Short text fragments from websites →
•••••

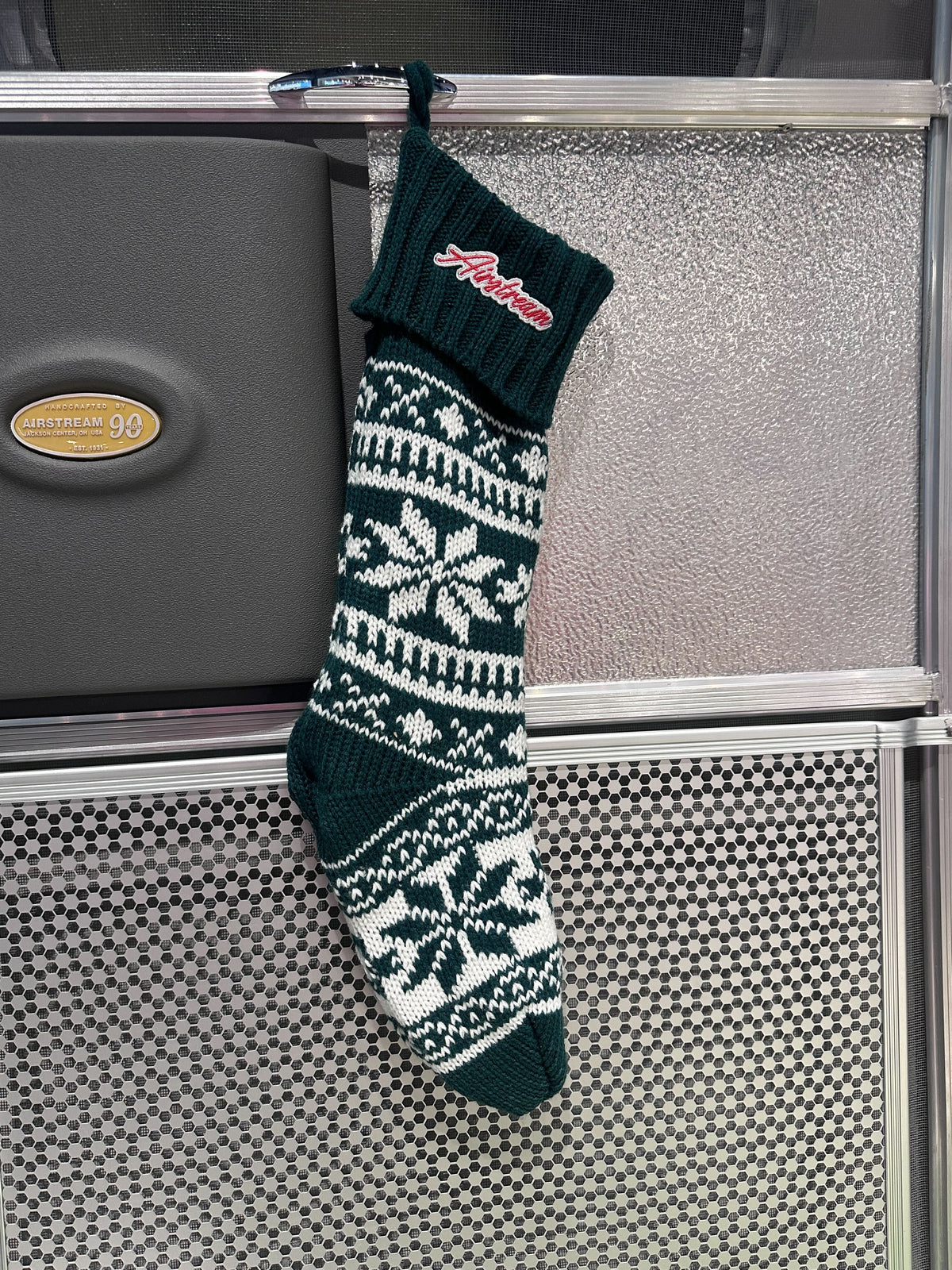 Airstream Holiday Stocking: Add festive cheer to your holiday décor with this green and white knit Christmas stocking, adorned with snowflake patterns and a red Alabama patch near the top. Its unique blend of colors and details makes it a spirited accent for any space, especially when displayed on a metallic wall.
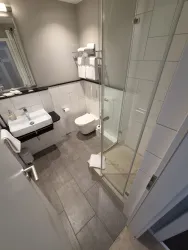 Ein modernes Badezimmer mit einer Dusche und einem Waschbecken. Die Wände sind hellgrau und es gibt weiße Handtücher.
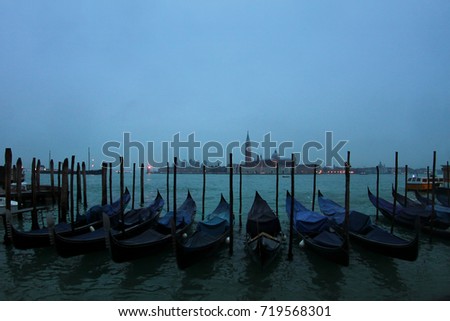 gondolas in rain, venice italy
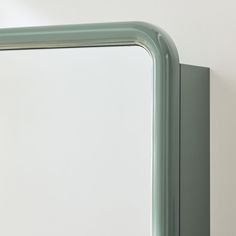 a green mirror mounted to the side of a wall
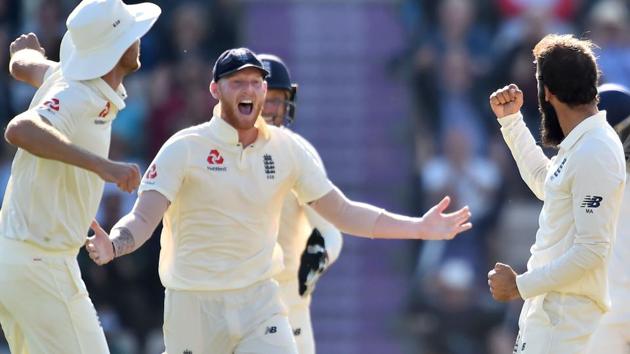 England's Moeen Ali (R) celebrates with England's Ben Stokes (C) after taking the wicket of India's Ajinkya Rahane for 21 during the fourth day of the fourth Test cricket match between England and India at the Ageas Bowl in Southampton, southwest England on September 2, 2018. (AFP) England's Moeen Ali (R) celebrates with England's Ben Stokes (C) after taking the wicket of India's Ajinkya Rahane for 21 during the fourth day of the fourth Test cricket match between England and India at the Ageas Bowl in Southampton, southwest England on September 2, 2018. (AFP)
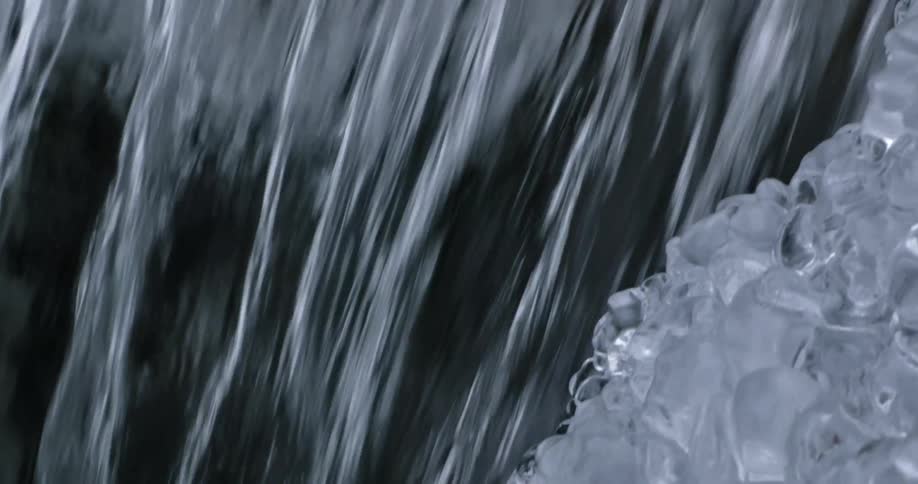 A waterfall is flowing in winter during the day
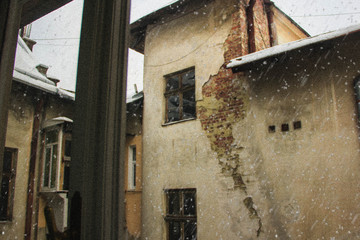 Snowing outside the window on the background of old houses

•••••

Instructions for the task →
Above are the records; copy from them only the lines starting at the one containing "a green mirror mounted to the side of a wall" and ending at the one containing "2018. (AFP) England's", exactly and without pictures.

Reply →
 a green mirror mounted to the side of a wall
 England's Moeen Ali (R) celebrates with England's Ben Stokes (C) after taking the wicket of India's Ajinkya Rahane for 21 during the fourth day of the fourth Test cricket match between England and India at the Ageas Bowl in Southampton, southwest England on September 2, 2018. (AFP) England's Moeen Ali (R) celebrates with England's Ben Stokes (C) after taking the wicket of India's Ajinkya Rahane for 21 during the fourth day of the fourth Test cricket match between England and India at the Ageas Bowl in Southampton, southwest England on September 2, 2018. (AFP)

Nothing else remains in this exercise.